Chapter Nine

Nine

The hours following Sonia’s text had been unsettling and difficult.

Nikki had closed up work and gone home for a quick bite and some time at the punching bag, her mind replaying the moment in the restaurant when her fury had taken control.

The little girl’s disconsolate wailing had given excruciating insight into who the dead woman had been to her.

Nikki had some sense of Claire now—the animated kindness of that shy smile.

She could picture her rushing in to comfort the girl.

But Nikki hadn’t helped anyone. Instead, she’d shouted at Fiona Lake for fuck’s sake to do her job properly.

Shame washed through her in hot, uncomfortable surges.

She’d never lost control so completely in a professional setting.

She knew better—should have been better!

Sonia had warned her that the credibility of Phoenix Seven hung by a thread, and what had Nikki done?

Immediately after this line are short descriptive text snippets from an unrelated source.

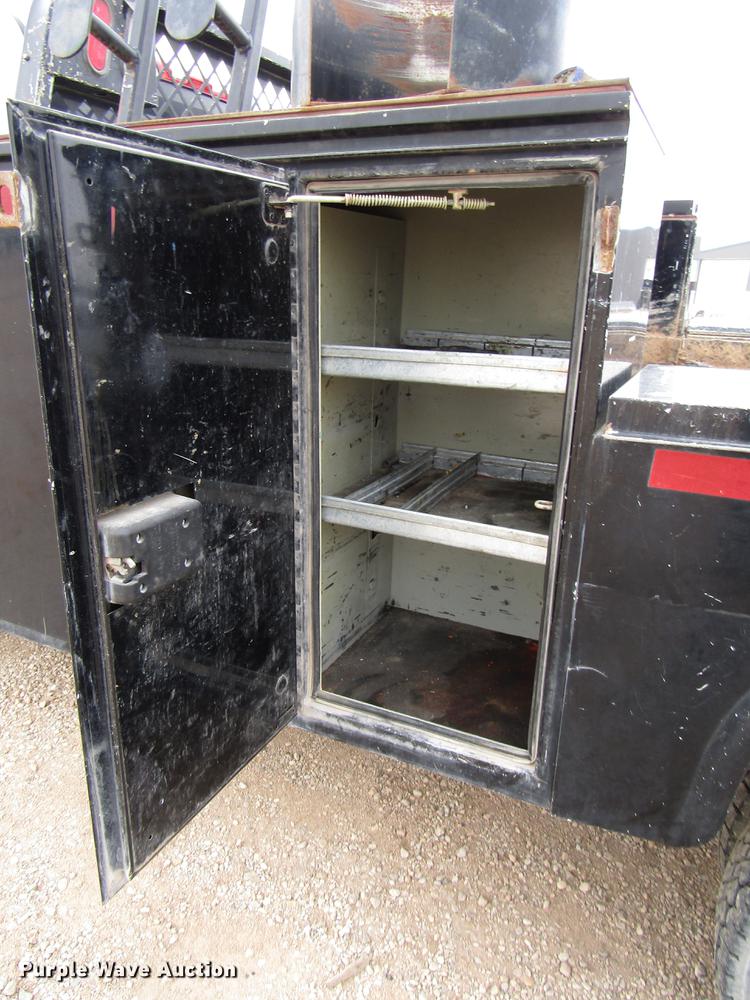 image for item DB6942 2014 Dodge Ram 5500 Crew Cab flatbed truck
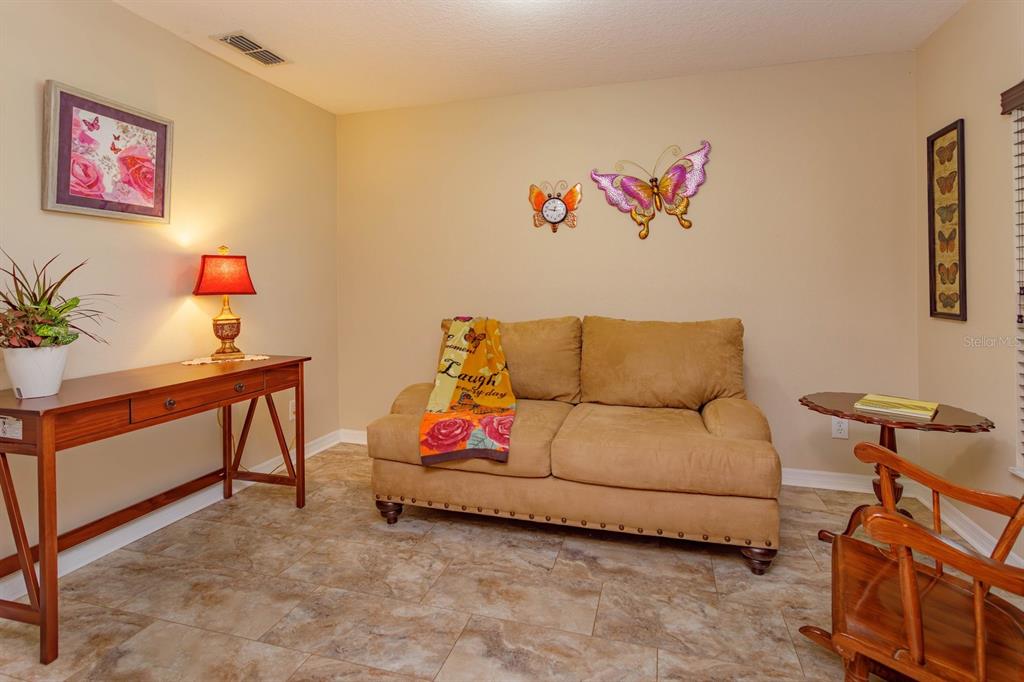 A room with tile flooring, a tan loveseat, a wooden console table, and butterfly wall decor — 24353 CALUSA BOULEVARD, EUSTIS, FL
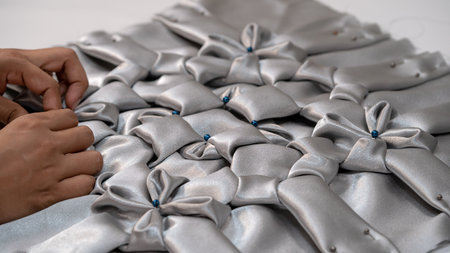 Close-up of the hands of a seamstress working in her workshop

Only pulled out the biggest, gnarliest knife she could find, and slashed the line.

She’d squandered the only currency she carried: respect.

Angelo’s words echoed in her thoughts: This isn’t like last time.

You don’t get to pretend to be a detective.

As she approached the studio doors, a dark figure in an overcoat peeled away from the shadows and stalked towards her.

Nikki tensed.

She seemed to know that posture, the boxer’s frame filling the coat: the angular lines, the surety of his stride.

Unbidden, her mind filled in the version of Tito as a teenager as he grew into that bulk.

It was a sudden, visceral memory—the warmth of his body beside her, the cedar smell and pepper taste of him, that small twitch of his left hand, the rare flash of a sudden smile.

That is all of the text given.